The Blazo–Leavitt House is a historic house on Maine State Route 160 in Parsonsfield, Maine, United States. The large two-story house was built in 1812, and is one of the finest Federal period houses in northern York County. The house was listed on the National Register of Historic Places in 1982.

==Description and history==
The Blazo–Leavitt House is a large two-story mansion built in Parsonsfield, Maine, in 1812 by William Blazo, uncle to prominent Parsonsfield lawyer Robert Tibbetts Blazo. Oral tradition holds that Robert T. Blazo, as a young man of fifteen in 1812, and later aged twenty in 1817, had helped with the construction of his uncle's house. This story seems credible because Robert had been bound out to his uncle William when Robert's father (William's brother) Daniel Blazo fell from a beam at a barn raising in 1802 and broke his neck. Later, ownership of the house passed to the nephew, Robert T. Blazo. The house next was passed on to Robert Blazo's two daughters, Susan Blazo Leavitt and Emily Blazo Browne. Emily's daughter Maude Browne left no descendants, and the house eventually passed into the hands of Susan Blazo Leavitt's son, Robert Greenleaf Leavitt, his wife Ida Ruggli Leavitt, and his three children Russell Greenleaf Leavitt, Robert Keith Leavitt, and Constance Ruggli Leavitt Hanson. Thus it is called the Blazo–Leavitt house. Designed by architect Thomas Eaton, according to both family tradition and affirmed by a Maine preservationist, the home is on the National Register of Historic Places.
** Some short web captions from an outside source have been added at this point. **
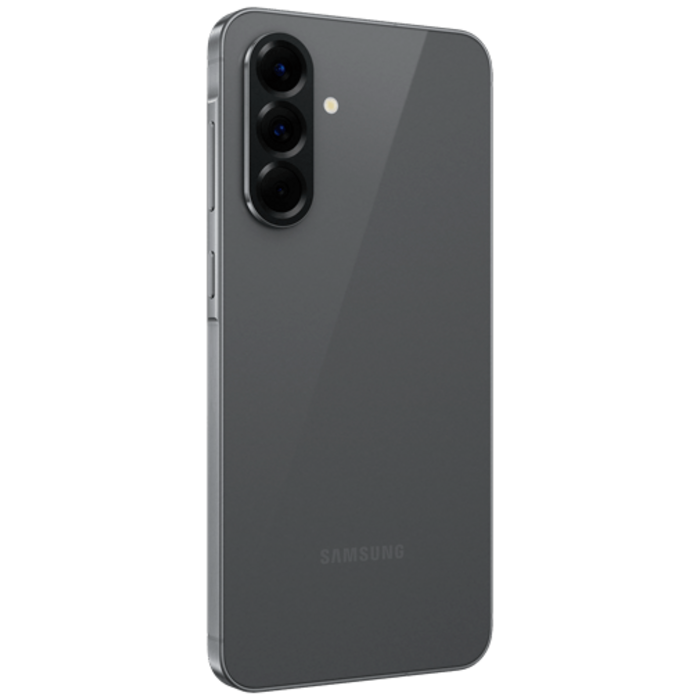 Samsung Samsung Galaxy A56 5G 128GB - Awesome Graphite (Zakelijk)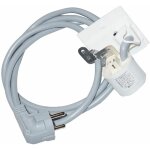 Antiparasites (1364090116) s�che - linge 315454 electrolux, faure, proline, zanussi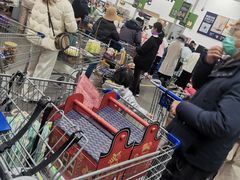-山姆会员商店(邻瑞广场店)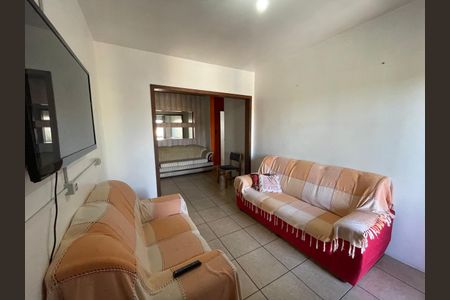 Casa à venda com 200m², 3 quartos e 1 vagaCobertura/Sala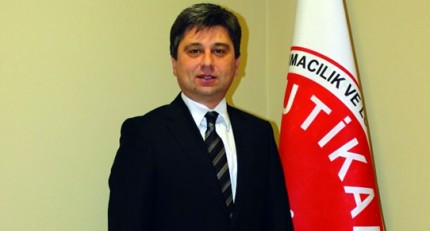 turgut_erkeskin_utikad.jpg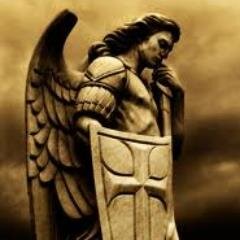 GOD, Family, Conservative, Indycar, AJ Foyt Racing, Houston Texans Football, Houston Astros,God Bless Texas, No DMs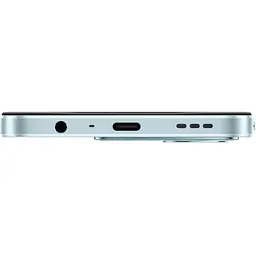 Смартфон Oppo A3x 4/128GB Ocean Blue - мініатюра 21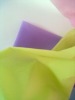 wall paper pp spunbond non woven fabrics material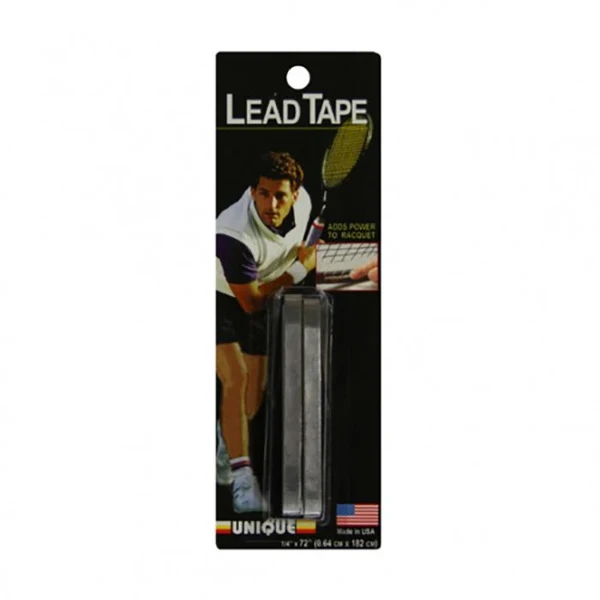Bleiband-Silber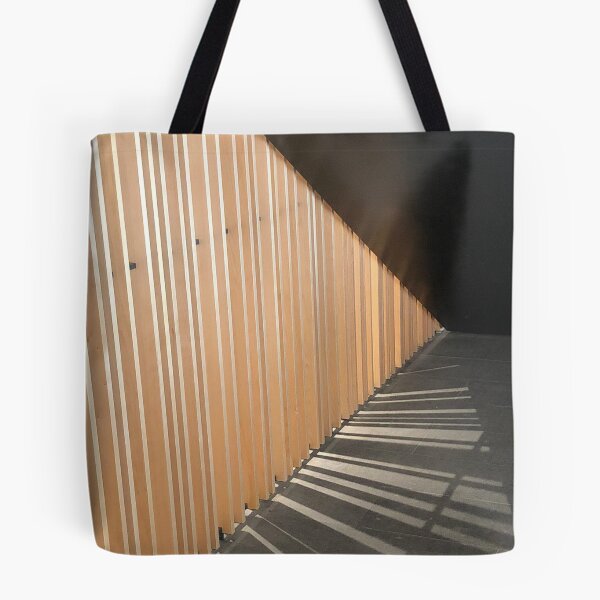 Item preview, Into the abstract  designed and sold by Beau Gordon.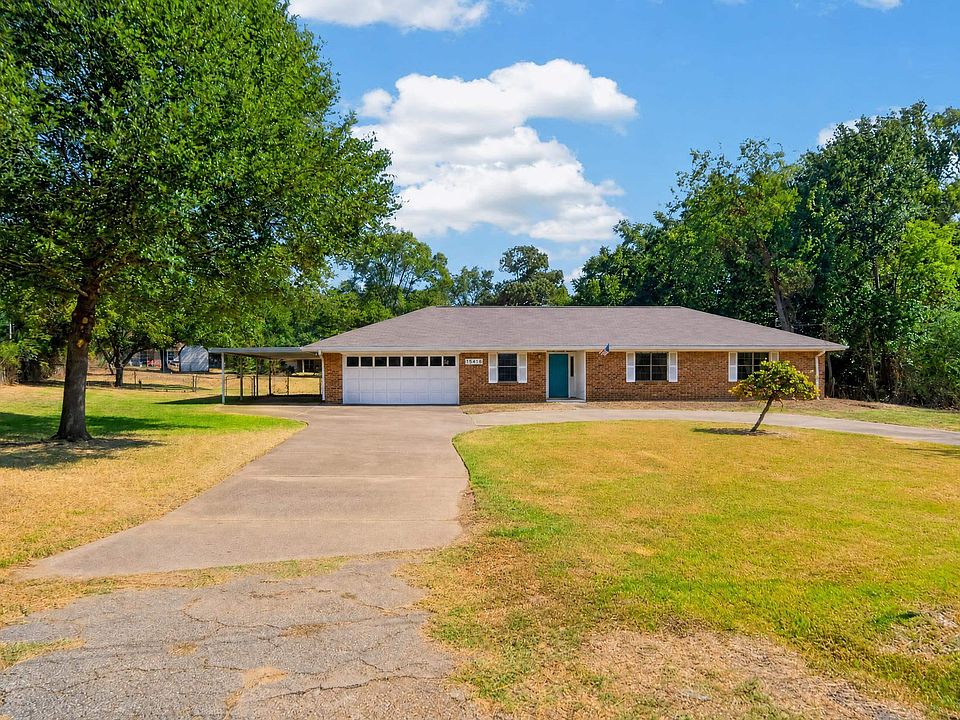 1st image of 13476 Choctaw Dr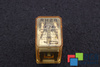 RH2B-U IDEC 24VDC 10A 240VAC 30VDC RELE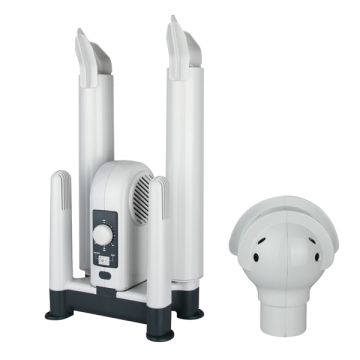 KONWIN Boot Dryer and Care Search Engine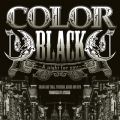 Ao - BLACK`A night for you` / COLOR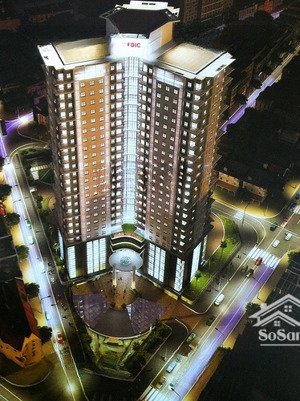bán cc trung yên plaza, giá thỏa thuận, 85m2, 3pn, 2wc, pháp lý đầy đủ, giá tốt!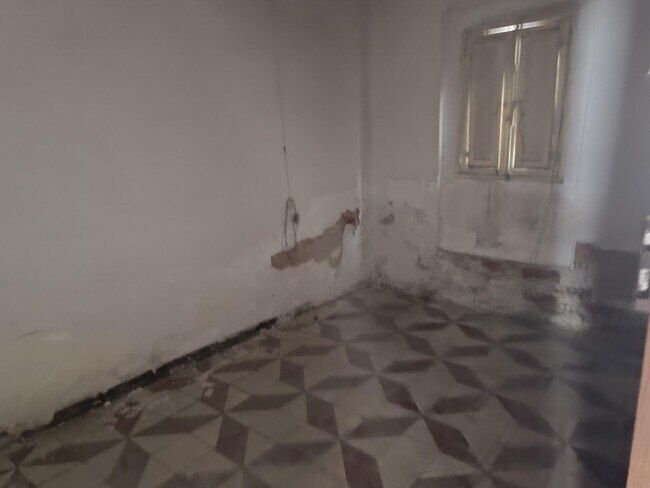 Más detalles de Terreno en venta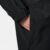 Helly Hansen VOYAGE PARKA TAKKI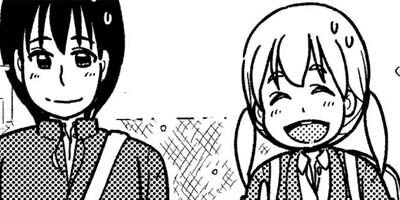 �Ĥ������� 5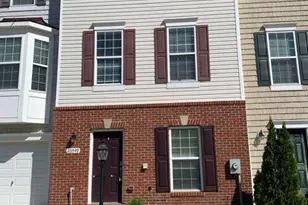 20549 Asheville Dr, Millsboro, DE 19966 - Photo 1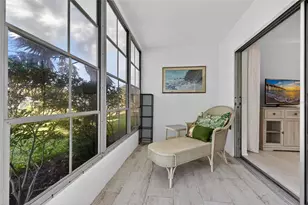 741 Capri Isles Blvd, Venice, FL 34292 - Photo 24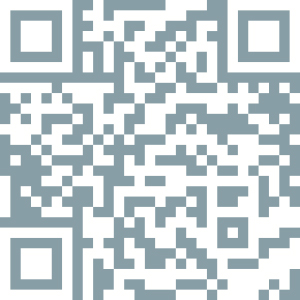 Misalignment QR Code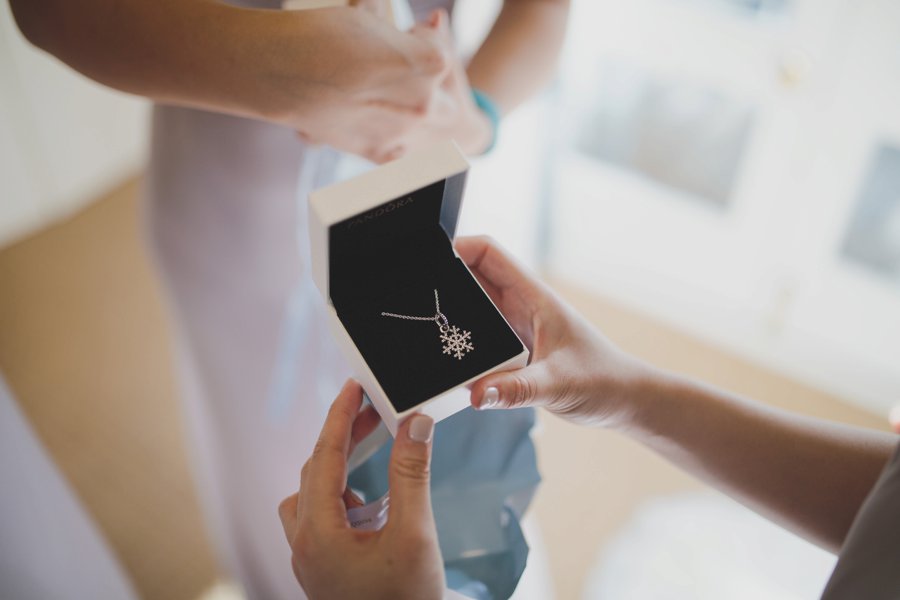 2Queenstown Wedding Photographers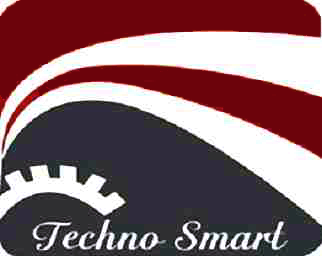 Techno Smart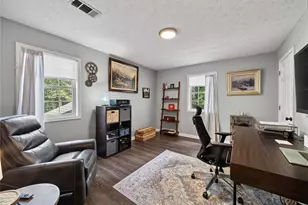 1290 Rocky Rd, Lawrenceville, GA 30044 - Photo 28
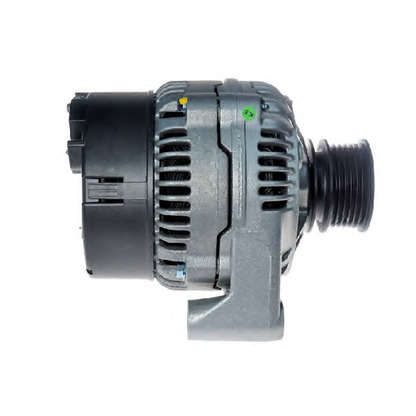 Foto Alternatore HELLA 8EL011710201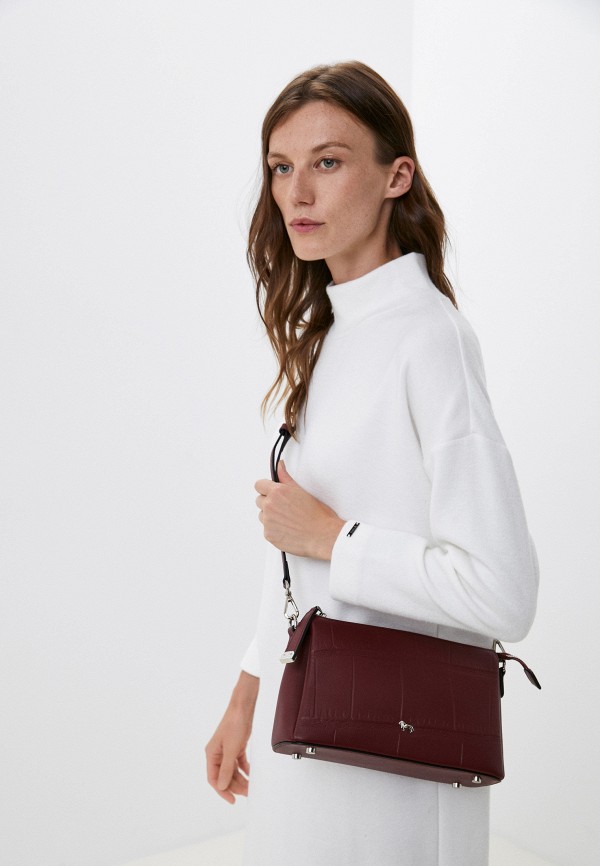 фото Сумка labbra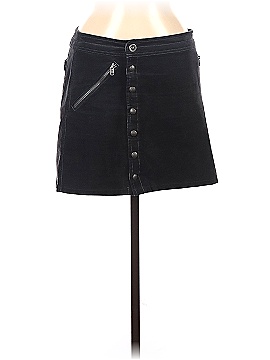 Kuhl Casual Skirt (view 1)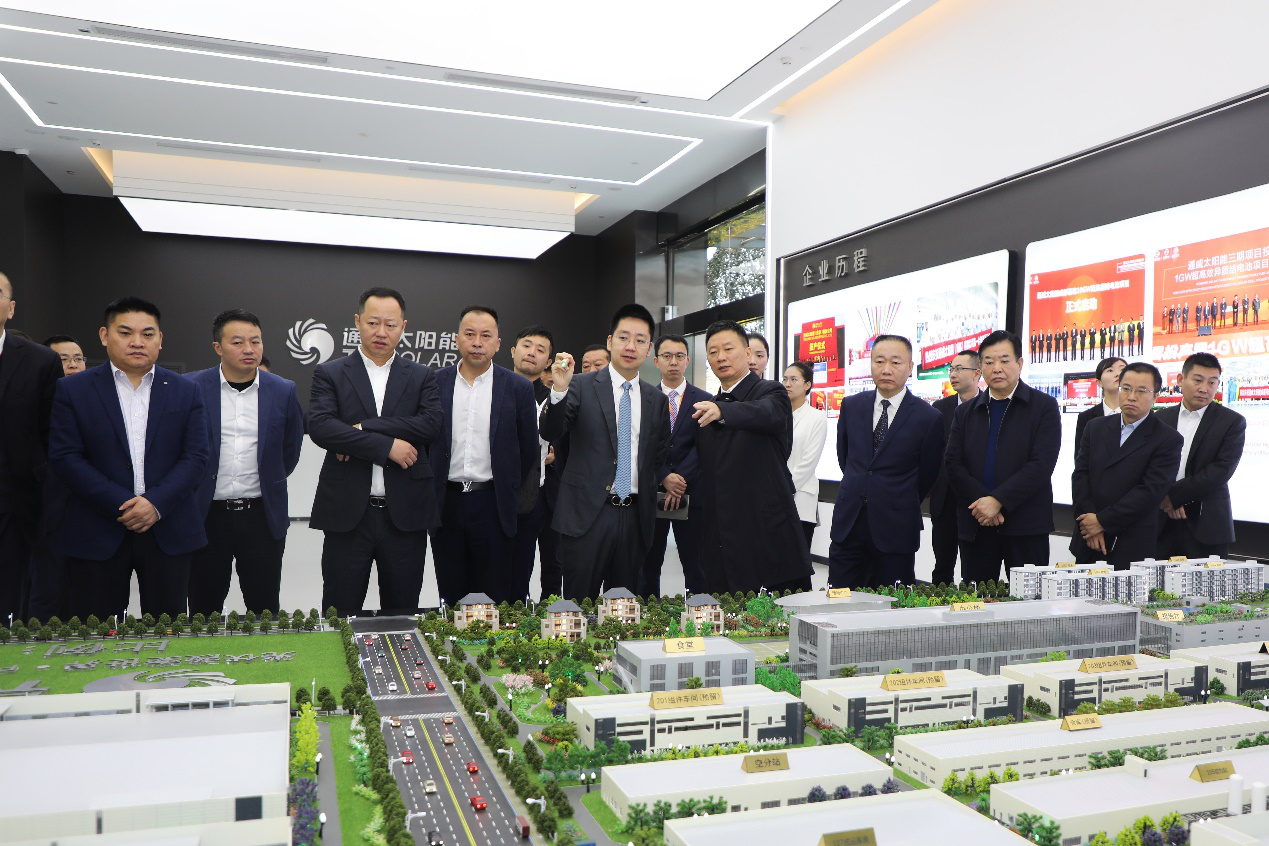 银河集团186net(中国)有限公司官网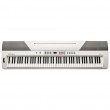 Kurzweil KA-70 White - digital piano Kurzweil KA-70 White - digital piano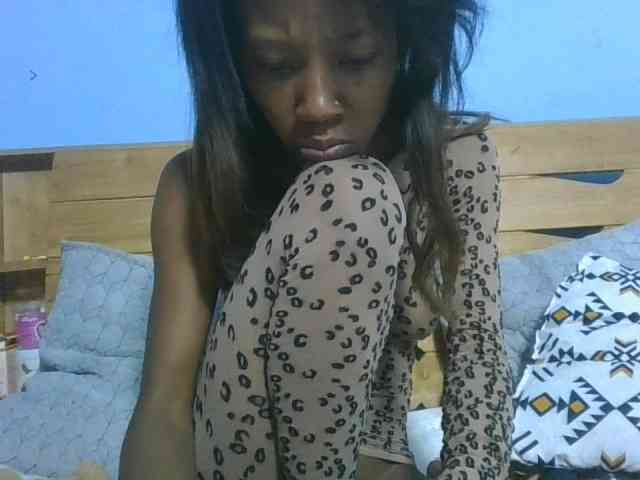 prettykaramel webcam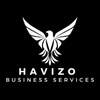 Havizo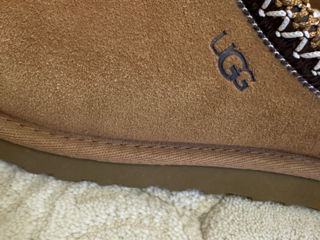 UGG original 38 eu foto 4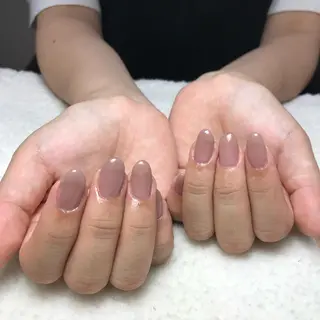 ネイル COCO+所属・COCO +のエステ・リラクイメージ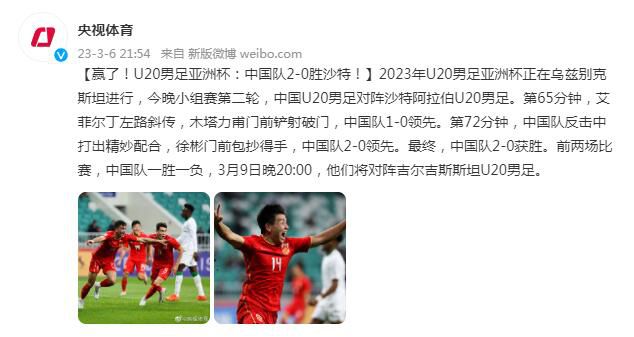 国产精品羞羞答答xxdd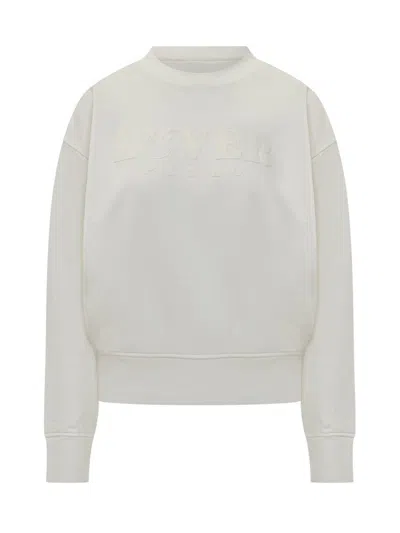 PINKO PINKO MINDELO SWEATSHIRT
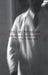 The Last Physician: Walker Percy and the Moral Life of Medicine by Carl Elliott
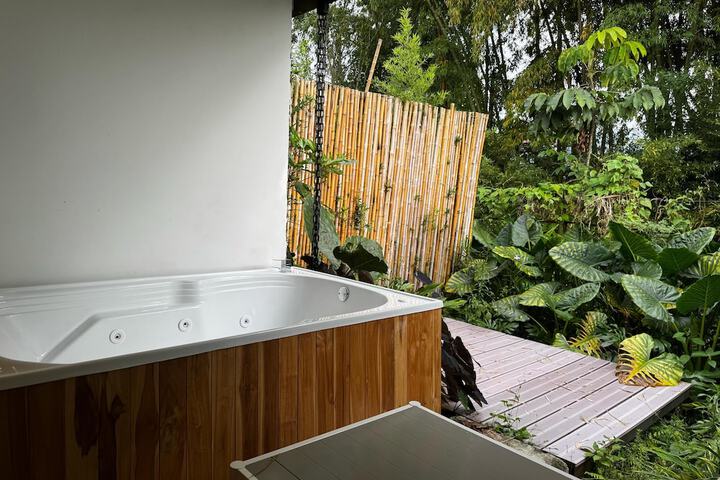 Terrace/Patio 19 of 39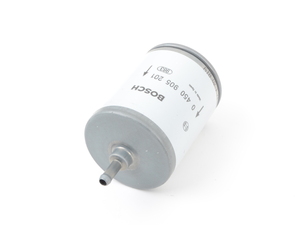 OEM Bosch Fuel Filter - E21 E30 E36 E12 E28 E34 E24 E23 E32
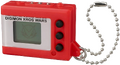 Thumbnail for version as of 19:50, 9 October 2026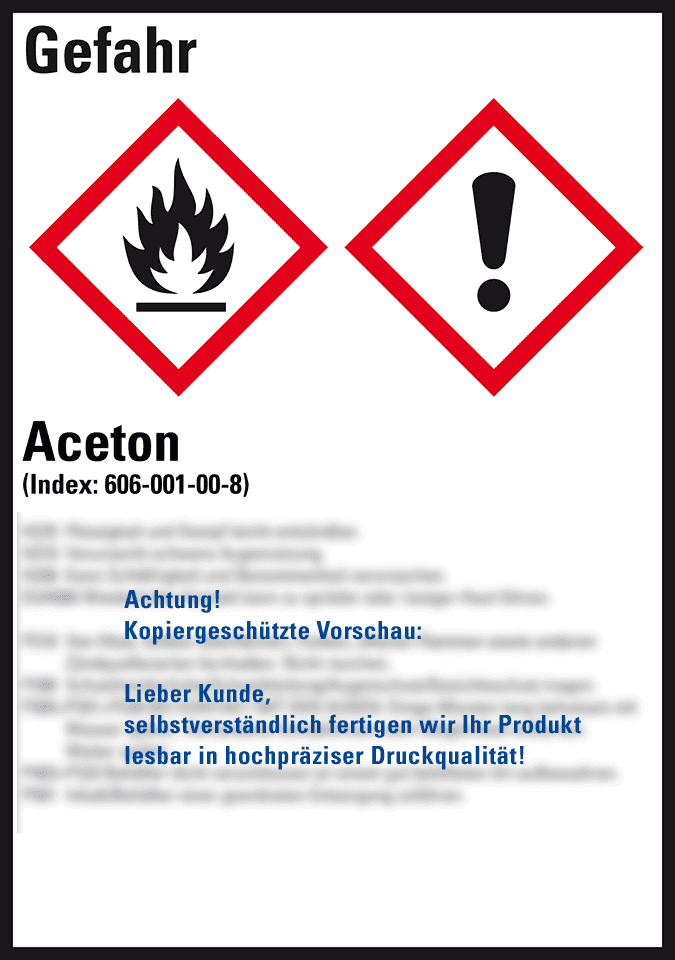 Zoom Bild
The Blazo–Leavitt house has five large brick chimneys and ten fireplaces. The home also boasts elaborately carved and pillared entrances with leaded glass fans and sidelights, panelled doors, and small-paned windows. A complete description of the interior of the house is described in a long narrative poem entitled "Flora Visits Parsonsfield" by Mary Freeman, a resident of the house for thirty years and great, great granddaughter of Robert and Mary Blazo. The main ell of the home was built in 1812, the main part of house being constructed five years later in 1817. William Blazo was son of Amos Blazo, who in turn was son of William Blazo of Bordeaux, France, who emigrated to America sometimes before 1727, settling first in Greenland, New Hampshire, and later in Epsom. Amos Blazo is recorded in the History of Parsonsfield as having been North Parsonsfield's first settler, clearing the fields at "Blazo's Corner" in March 1778. Amos Blazo had five sons, four of whom settled on nearby farms. It was Amos's son William who built the Blazo House, later selling it to his nephew, and Amos's grandson, Robert Tibbetts Blazo.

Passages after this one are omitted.